Task details:
Take the lines from the one containing "S-941 Pear Shaped" through the final line below and restate them exactly. Omit the pictures.

Material provided:
┄┄┄┄┄┄┄┄┄┄
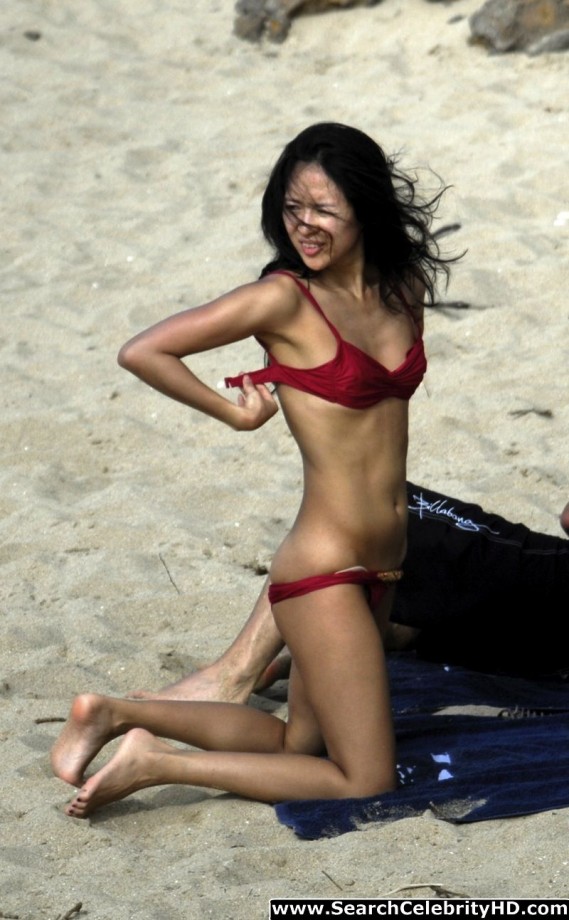 Zhang ziyi - topless candids at the beach - celebrity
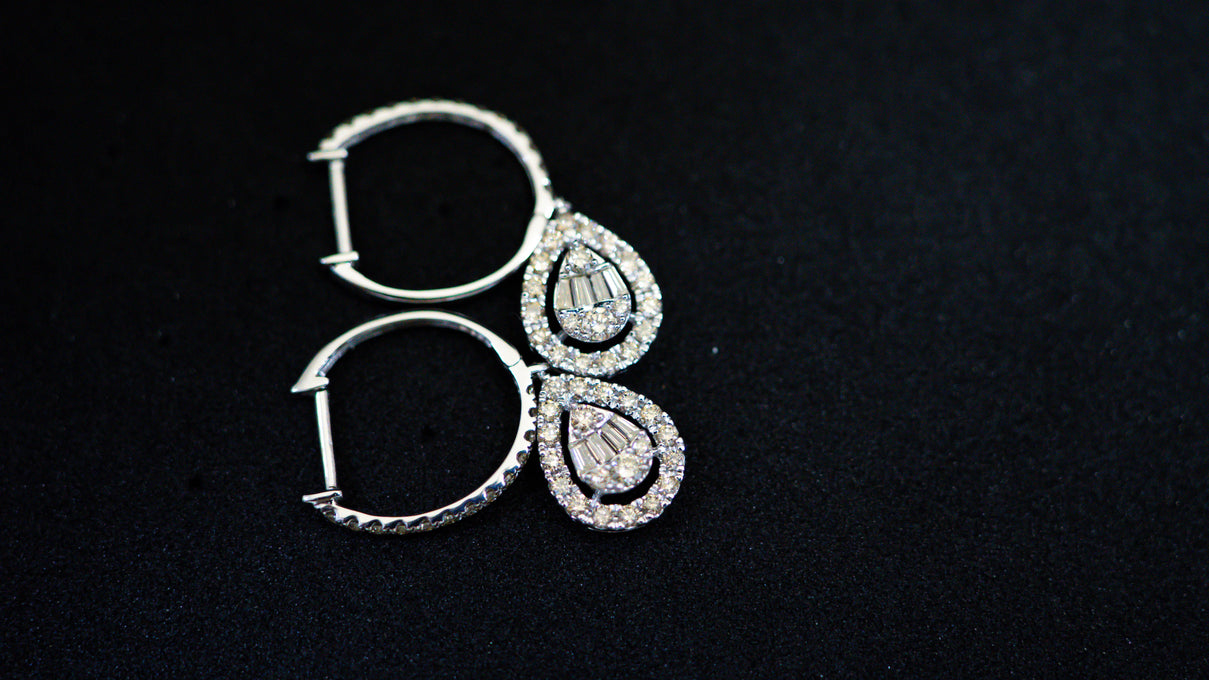 S-941 Pear Shaped Diamond Earrings - Baguette Cut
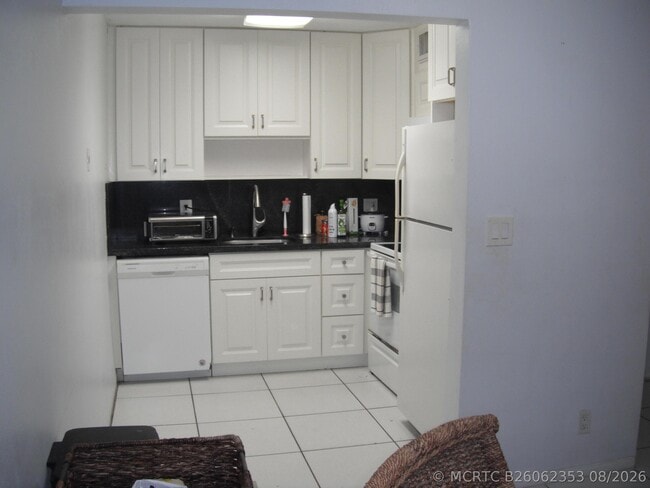 Building Photo - 4169 SW 67th Ave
┄┄┄┄┄┄┄┄┄┄
Output for this exercise:
 S-941 Pear Shaped Diamond Earrings - Baguette Cut
 Building Photo - 4169 SW 67th Ave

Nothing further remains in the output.